Short descriptive text snippets –
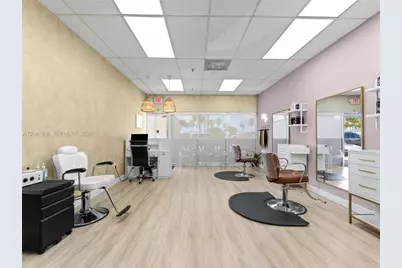 [Address not provided], Miami, FL 33175 - Photo 7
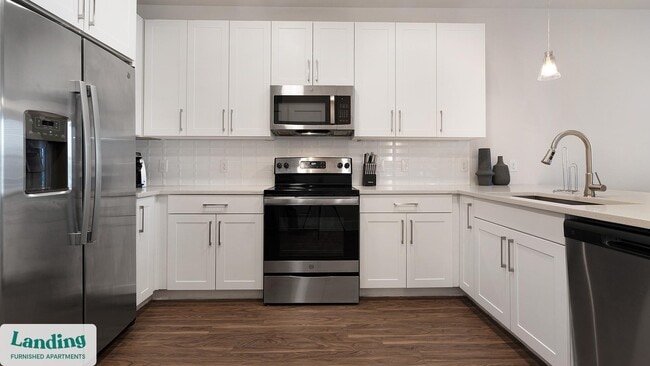 15950 Chase Hill Blvd unit 9209.1406246, San Antonio, TX 78256 - photo 6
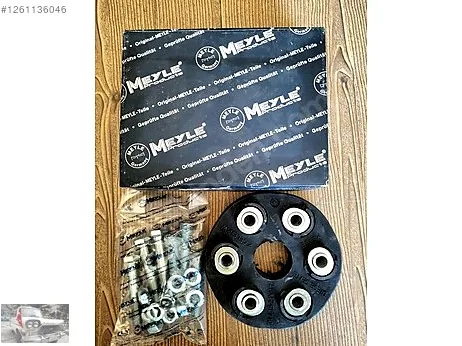 Mercedes-Benz GLE Motor Takozu çıkma parça - DEVRİM OTOMOTİV YEDEK PARÇA & AKSESUAR Sakarya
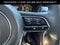 2025 Mazda Mazda CX-70 3.3 Turbo S Premium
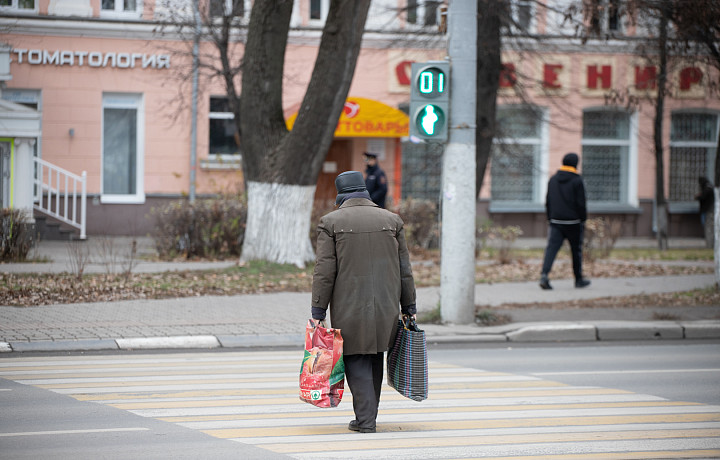 В Тульской области начались обещанные магнитные бури В Тульской области начались обещанные магнитные бури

What you should do – Whatever pictures the entries contain, omit them, and write the rest out exactly.

Result –
 [Address not provided], Miami, FL 33175 - Photo 7
 15950 Chase Hill Blvd unit 9209.1406246, San Antonio, TX 78256 - photo 6
 Mercedes-Benz GLE Motor Takozu çıkma parça - DEVRİM OTOMOTİV YEDEK PARÇA & AKSESUAR Sakarya
 2025 Mazda Mazda CX-70 3.3 Turbo S Premium
 В Тульской области начались обещанные магнитные бури В Тульской области начались обещанные магнитные бури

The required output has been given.